Indeks Kospi Turun 0,50 Persen

foto: istimewa

Pasardana.id - Indeks Kospi di Bursa Efek Korea, Seoul, Korea Selatan, turun 15,91 poin, atau sekitar 0,50 persen, pada Selasa (7/9/2021), menjadi 3.187,42.

Volume perdagangan moderat mencapai 745 juta saham senilai 11,7 triliun won atau sekitar US$10,1 miliar, dengan saham yang turun melampaui yang naik 447 berbanding 393.

Angka indeks turun dipicu lemahnya angka non-farm payroll Amerika Serikat. “Indeks Kospi terus berfluktuasi di sekitar angka 3.200 sejak data pekerjaan AS dirilis. Para investor menantikan perubahan kebijakan moneter selanjutnya dari negara-negara maju,” jelas Choi Yoo-Joon, analis Shinhan Investment, seperti dikutip Yonhap News.

Investor asing dan institusi masing-masing melepas saham senilai 327 miliar won dan 121 miliar won, sedangkan investor ritel meraup saham senilai 452 miliar won.

Saham perusahaan teknologi Samsung Electronics dan SK Hynix masing-masing anjlok 1,55 persen dan 1,42 persen. Saham perusahaan operator portal internet Naver terjun 2,09 persen.

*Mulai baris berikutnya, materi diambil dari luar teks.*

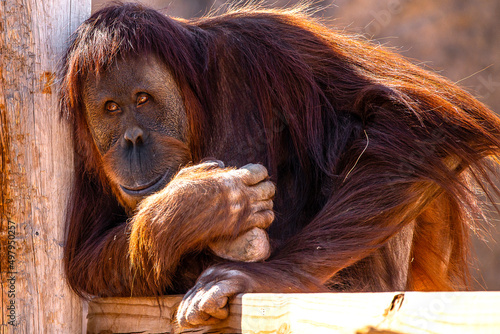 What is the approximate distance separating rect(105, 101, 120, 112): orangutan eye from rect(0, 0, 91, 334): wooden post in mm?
181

Saham perusahaan biofarmasi Samsung BioLogics turun 0,42 persen, saham perusahaan kimia LG Chem sebaliknya melonjak 1,07 persen. Saham perusahaan otomotif Hyundai Motor merosot 1,16 persen.

Saham bank digital Kakao Bank terjun 5,68 persen.

Nilai tukar won melemah terhadap dolar AS. Turun 1,3 won dari sesi sebelumnya menjadi 1.157,8 won per dolar AS.

Secara umum bursa saham Asia diliputi sentimen positif hari ini, dengan indeks MSCI Asia Pasifik di luar Jepang naik 0,1 persen.

Indeks S&P/ASX 200 di Bursa Australia berakhir datar dengan pergerakan naik hanya 1,80 poin menjadi 7.530,30. Di Asia Tenggara, indeks utama perdagangan saham Bursa Singapura, Malaysia, Thailand, Vietnam, dan Filipina menguat, sedangkan Bursa Indonesia melemah.

Indeks Shanghai Composite di Bursa Efek Shanghai, Tiongkok, melonjak 54,70 poin, atau sekitar 1,51 persen, menjadi 3.676,56. Indeks Hang Seng di Bursa Efek Hong Kong naik 190 poin, atau sekitar 0,73 persen, menjadi 26.353,63.